# Feast yer eyes on this: The KJV Clarion Review



## matthew11v25 (Aug 18, 2011)

Here are the photos and Review by Mr. Bertrand:
Bible Design and Binding: Cambridge Clarion KJV in Black Goatskin

The ESV Edition is slated to come out around November.

---------- Post added at 11:36 AM ---------- Previous post was at 11:32 AM ----------

With an 8.75 text...65 characters per line...5.5" x 7.5" x 1.75"...I am very excited!


----------



## Scott1 (Aug 18, 2011)

Looks like good quality all around.


----------



## Pilgrim (Aug 18, 2011)

I was planning on holding out for an Allan Brevier Clarendon, but I will now think hard about going with this instead. The TBS Westminster Edition is in the running as well. 

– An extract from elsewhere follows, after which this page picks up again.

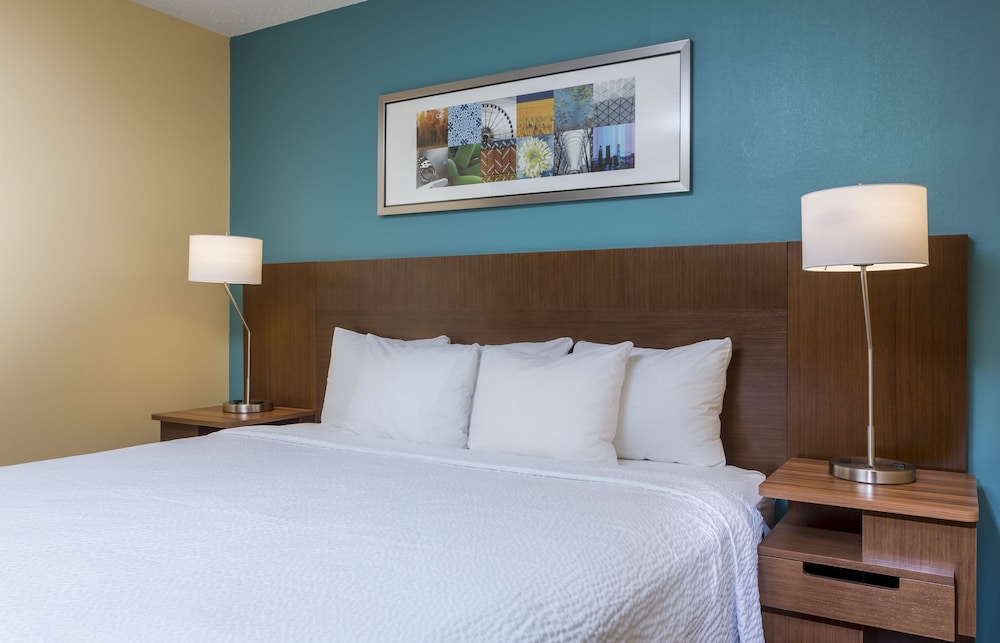 Fairfield Inn & Suites By Marriott Tyler 8/30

A big plus with the Cambridge Clarion is that it appears go be "black letter" whereas all recent Cambridge editions seem to have been red letter, which is a non-starter for me.


----------



## FenderPriest (Aug 18, 2011)

And I promised my wife that the Calf-skin ESV I bought last year was the last one I'd need to buy for a while.... Thanks for making me break my promise!


----------



## DMcFadden (Aug 18, 2011)

The single column format looks amazing! It looks as if they plan on rolling out this style for other translations.


----------



## reformedminister (Aug 18, 2011)

I absolutely cannot stand the single column. I prefer the old fashioned typesetting and double columns with references in the middle. To each to his or her own.


----------



## dudley (Aug 18, 2011)

Thank you Matthew,it looks wonderful. I love the King James Bible.


----------



## GulfCoast Presbyterian (Aug 18, 2011)

I very much prefer single column. They are just easier on my diabetic eyes, I guess. I have been waiting for a really nice single column KJV with a nice large font. HOWEVER, my wife says its a sin for us to buy any more bibles. But if she doesn't know....


----------



## Pilgrim (Aug 18, 2011)

GulfCoast Presbyterian said:


> HOWEVER, my wife says its a sin for us to buy any more bibles.



 That seems to be a common occurrence!


----------



## J Miles (Aug 18, 2011)

This bible looks pretty cool, and the single column KJV looks very nice.


----------



## Jesus is my friend (Aug 18, 2011)




----------